In the modern world, we are witnessing a rapid acceleration in the adoption of complex and poorly understood systems, such as neural networks, and their use in processing high-dimensional sensor data like cameras and LiDAR. While it is hard to deny the effectiveness and impact of these systems, their theoretical understanding remains elusive. Unfortunately, this makes their use in closed-loop control systems hazardous, as many probabilistic characterizations of their errors fail to hold in this regime, and the tools used to prove properties such as safety and stability (e.g., Input-to-State-Stability theory) are not applicable. Furthermore, while substantial work exists on applying machine learning to control problems—mostly empirical in nature—far less has explored the application of control-theoretic tools to the analysis of machine learning systems.
The primary aim of this work is to bridge these gaps by providing rigorous worst-case error, safety, and stability guarantees for control systems with neural network or black-box components in the loop, as well as improving the theoretical analysis of these systems through control-theoretical tools. Specifically, this work focuses on: 1. Developing a neural network architecture that enjoys deterministic error bounds. 2. Deriving worst-case pose estimate error guarantees for LiDAR localization. 3. Performing a formal analysis of the long-term dynamics of generative models that are trained on their own synthetic data.
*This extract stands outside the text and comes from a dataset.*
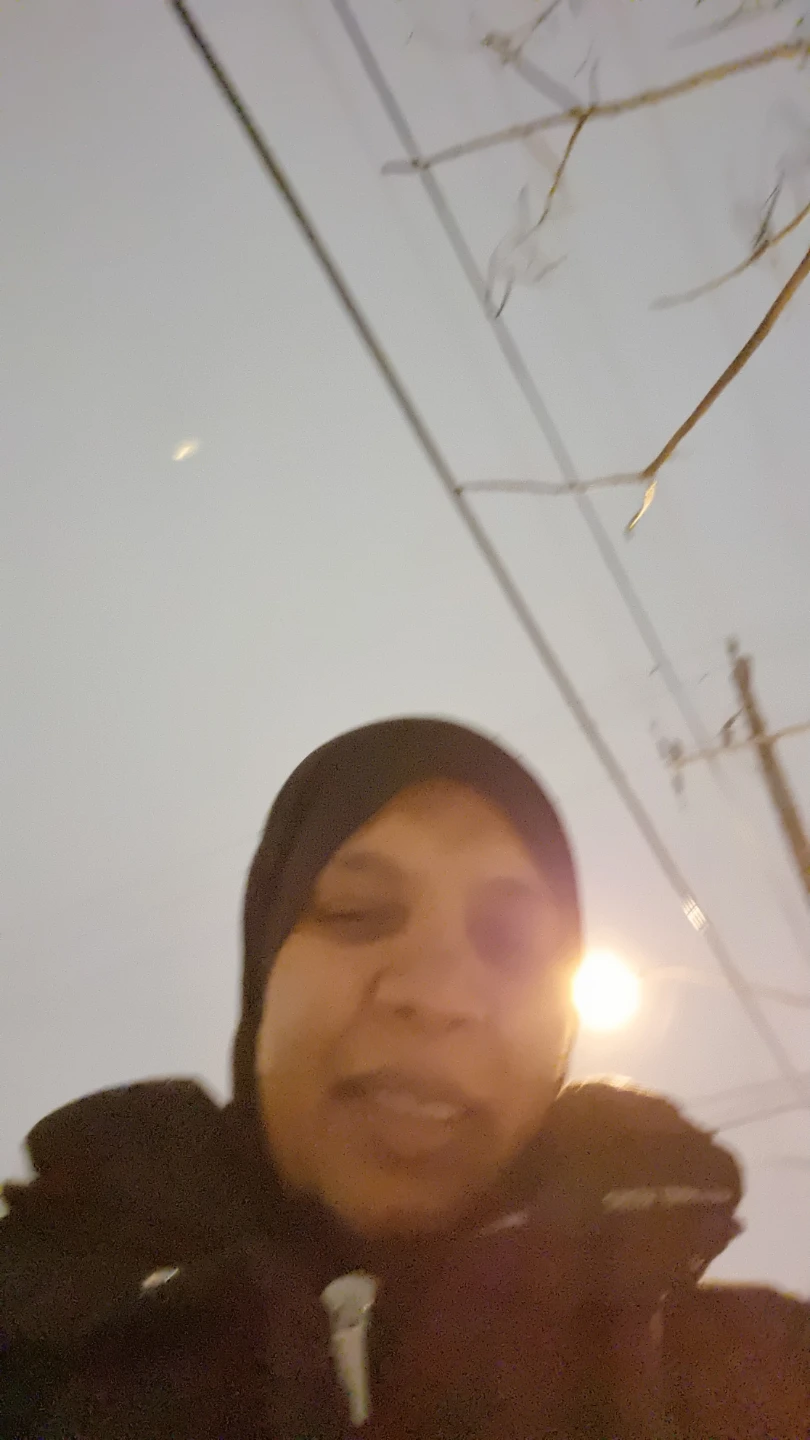 Jamila profile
The first part of this dissertation builds on prior work showing that arbitrary depth residual networks (as opposed to the classical result involving arbitrary width) enjoy universal approximation capabilities in the uniform norm sense. However, these results lack a training procedure. We address this gap by developing an architecture and training algorithm exploiting monotonicity that result in residual neural networks with deterministic error bounds by construction. Additionally, such deterministic error bounds enable formal safety and stability guarantees to be proven when using these networks in control loops. Thus, we develop a framework based on Input-to-State-Stability (ISS) that exploits these deterministic errors when using neural networks as state observers, or feedback controllers.
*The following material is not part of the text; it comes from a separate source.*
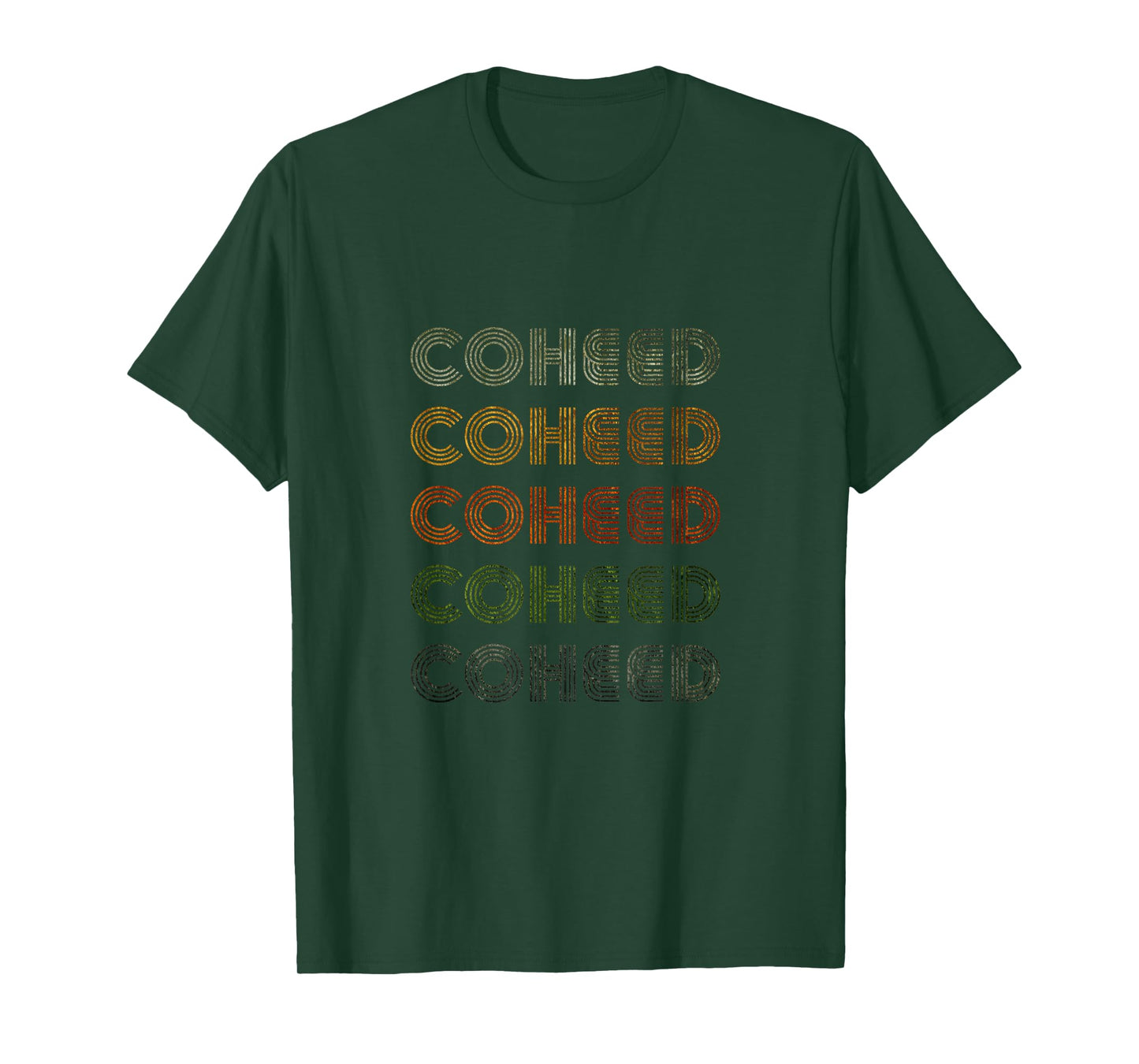 Love Heart Coheed Tee Grunge Vintage Style Black Coheed T-Shirt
The second part considers the problem of LiDAR-based localization. In particular, it looks at the so-called point cloud registration problem, which is a core routine of most localization and Simultaneous Localization And Mapping (SLAM) algorithms. The literature is rich with a wide variety of algorithms that attempt to solve the problem, from the classical Iterative Closest Point (ICP) to feature and learning-based approaches. However, the existing methods lack in near unanimity the ability to provide bounds on the pose estimation error they provide. In Part II we present a simple and fast point cloud registration algorithm called PASTA (Provably Accurate Simple Transformation Alignment), provide an extensive formal analysis of its worst-case estimation error, and experimentally verify its effectiveness. Such an algorithm, due its formal error bounds, and fast execution time, can be used as a supervisor for other localization algorithms that would otherwise not enjoy worst-case error bounds.
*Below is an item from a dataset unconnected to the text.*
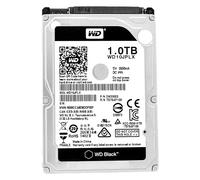 Hard Drive Western Digital 1TB WD10JPLX 7200 RPM 32MB Cache SATA III 2.5'' Inch
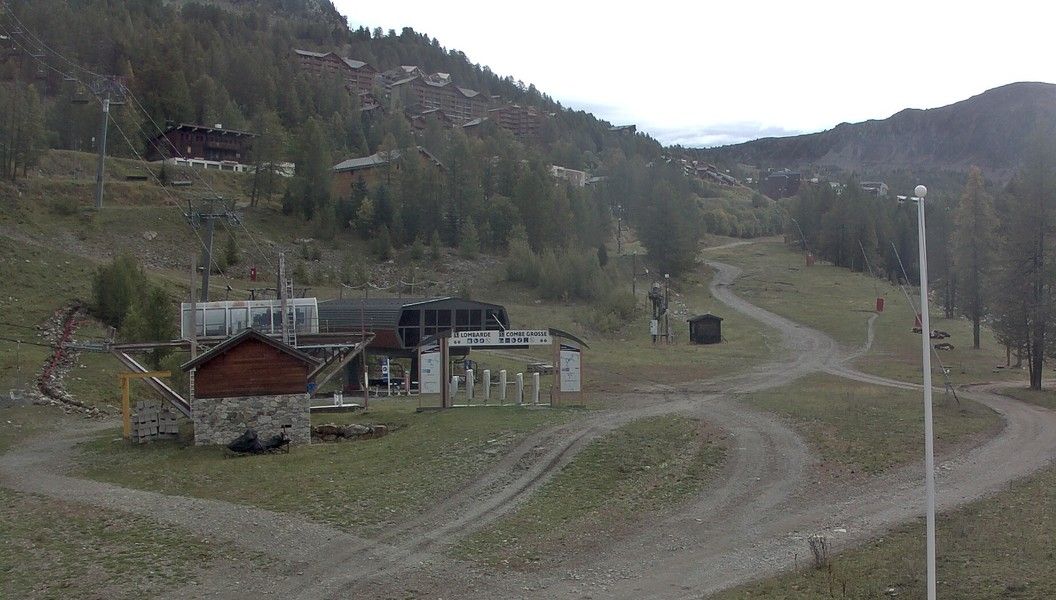 Isola: 2000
Finally, in the third part, we consider a topic very relevant to recent developments: generative models. As these models rapidly spread in popularity and use, the synthetic data they generate enters the internet, and, in turn, becomes part of the datasets used to train the next generation of generative models. There are rising concerns (supported by empirical observations) about the long-term consequences of this process, with fears that it may lead to the internet and these models to "degenerate" over time. In this work we analyze the learning dynamics of generative models that are fed back their own produced content in addition to their original training dataset, with particular focus on the effect of "temperature", a parameter typically used to modulate the sampling of these models. Using tools from control theory, we show that, unless a sufficient amount of external data is introduced at each iteration, any non-trivial temperature leads the model to asymptotically degenerate. In fact, either the generative distribution collapses to a small set of outputs, or becomes uniform over a large set of outputs.